Thursday , April 12, 2018 - 5:51 PM
Kaysville Police Sgt. Jeremy Owens, left, supports Officer Shawn McKinnon on Thursday, April 12, 2018, as they watch security camera footage from an incident where McKinnon and three other officers were injured. The four officers were burned when a man lit himself on fire at a gas station on Thursday, April 5, 2018, in Kaysville.
KAYSVILLE — This past week, Kaysville police officers here have been called a number of things. Courageous. Selfless. Role models. Heroes.
But the officers’ consensus regarding their own actions?
They were just doing their job.
On Thursday afternoon, the Kaysville Police Department held a news conference to give the public a look at the four officers who were injured attempting to thwart a fiery alleged suicide attempt a week earlier.

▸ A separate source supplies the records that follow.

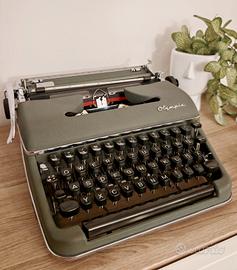 Olympia SM3 De Luxe 1956 – Revisione Ultrasuoni 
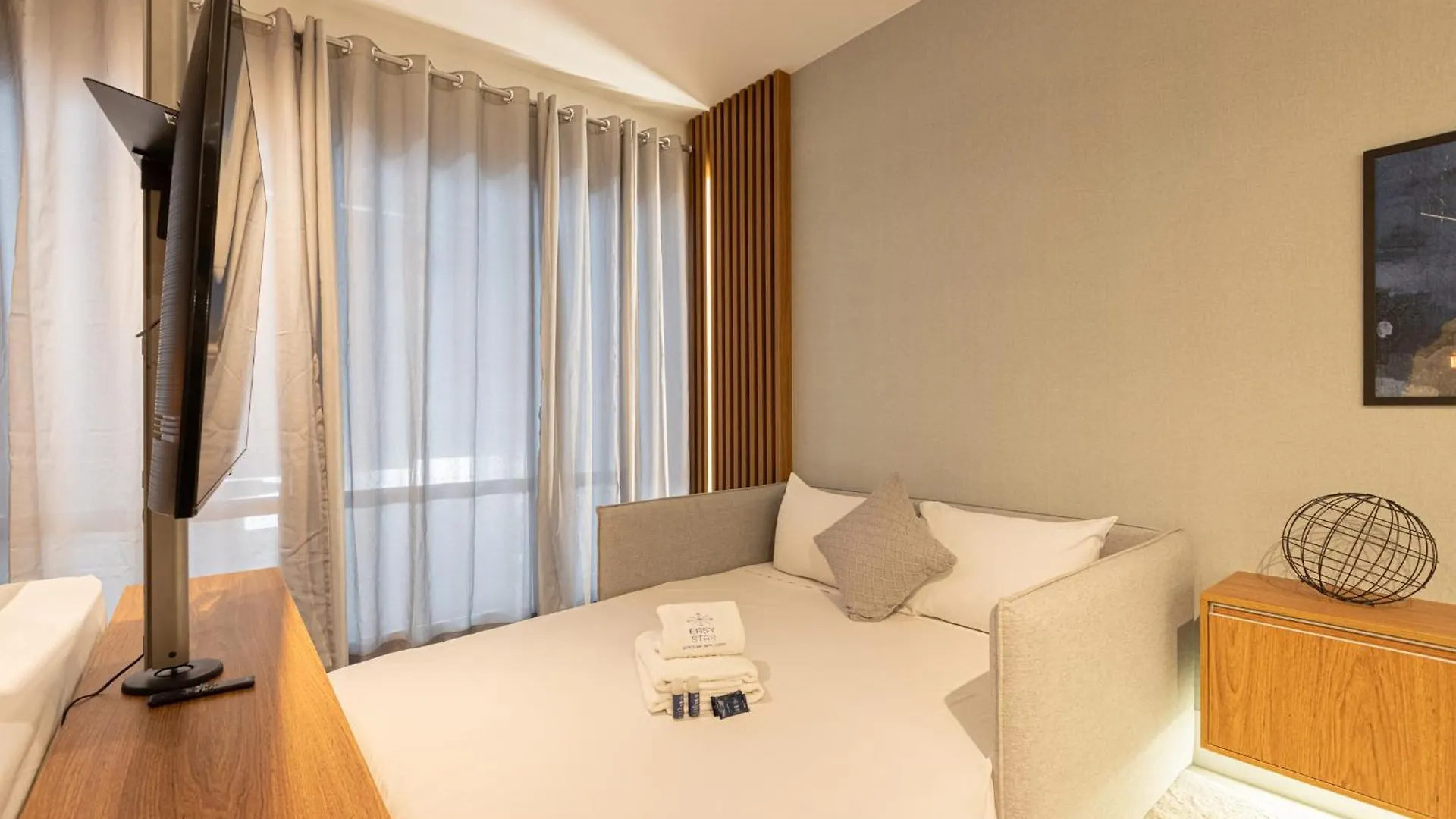 Apartment Easy Star - Studio Moderno C/Vaga No Campo Belo - Ah01I Sao Paulo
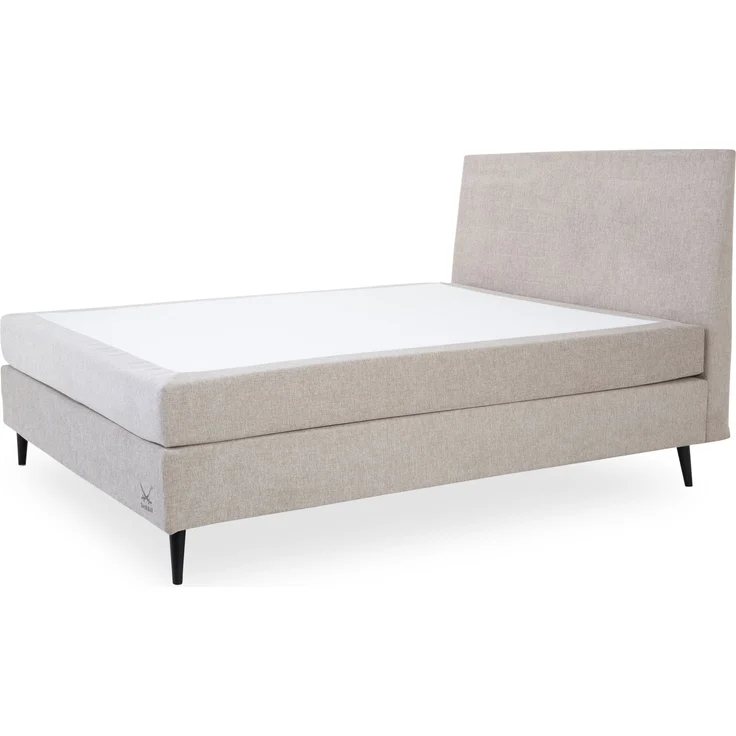 Boxspringbett SANSIBAR POEL LF 160x200 cm beige Box-Spring-Bett Doppelbett – Bild 2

Back on April 5, police were called to the Top Stop convenience store on 200 North in Kaysville. A man had poured gasoline on himself in the bathroom of the business and was threatening to light himself on fire. Officers said they attempted to defuse the situation, but when they were unsuccessful, they finally tried to remove the lighter from the man’s hand. He then ignited the gasoline.
Four officers were burned in the incident and taken to the hospital, two others were later sent there for smoke inhalation.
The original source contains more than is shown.